The material below should be copied line for line, please, with pictures omitted.

**Supplied material**
____________________

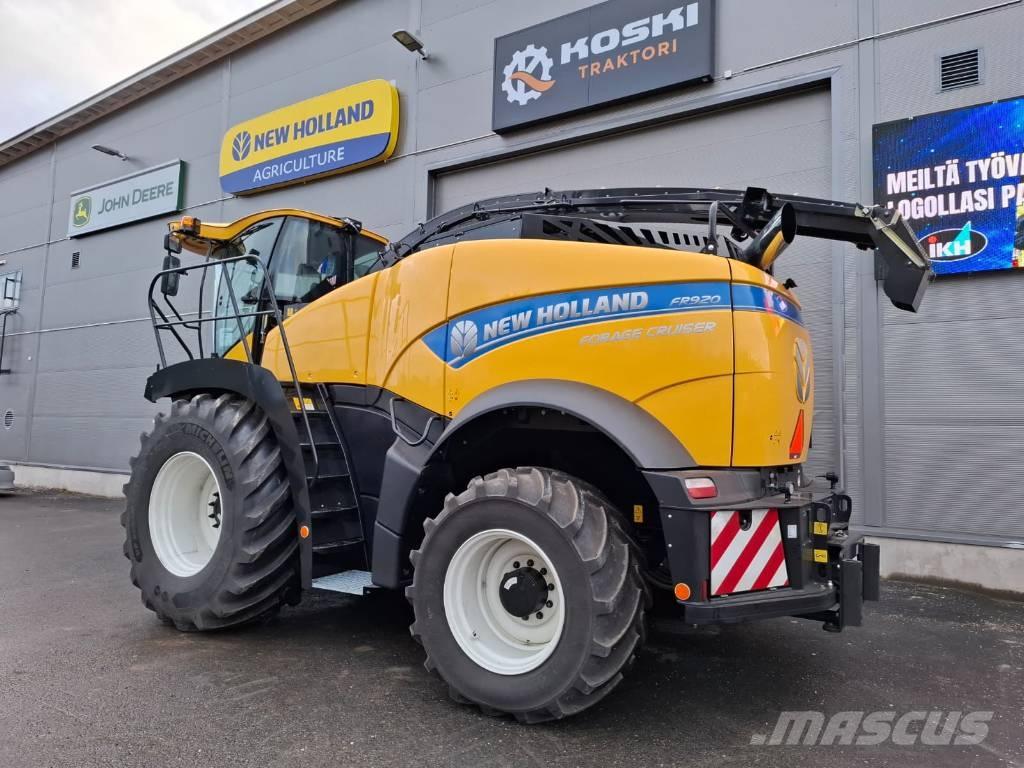 New Holland FR 920 Самоходные кормоуборочные комбайны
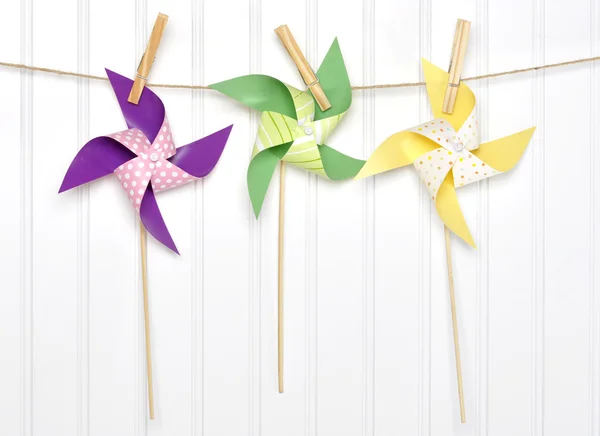 Živé letní strana pinwheels na prádelní šňůře — Stock fotografie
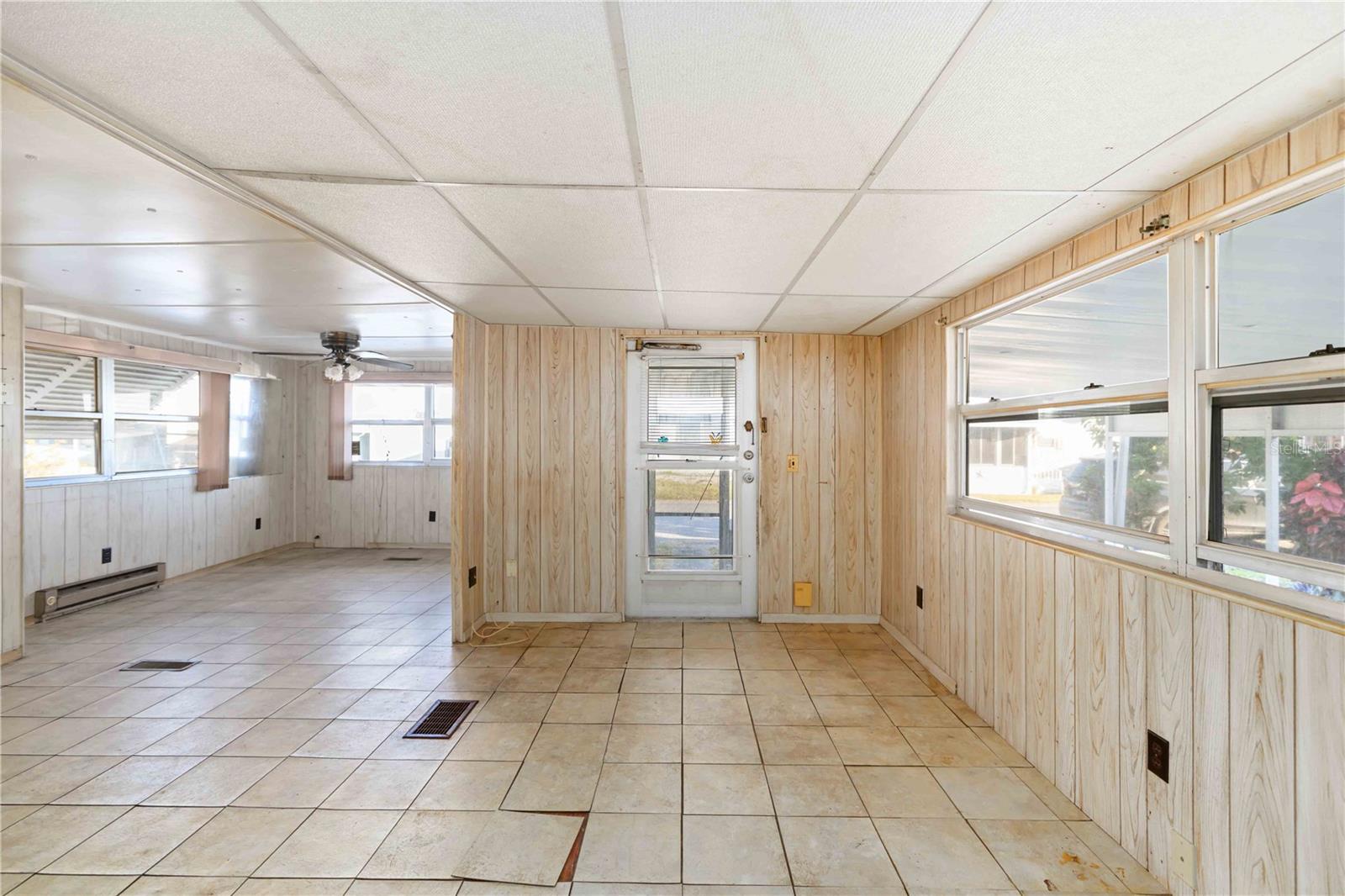 A4669454 Property Photo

____________________

**Exercise answer**
 New Holland FR 920 Самоходные кормоуборочные комбайны
 Živé letní strana pinwheels na prádelní šňůře — Stock fotografie
 A4669454 Property Photo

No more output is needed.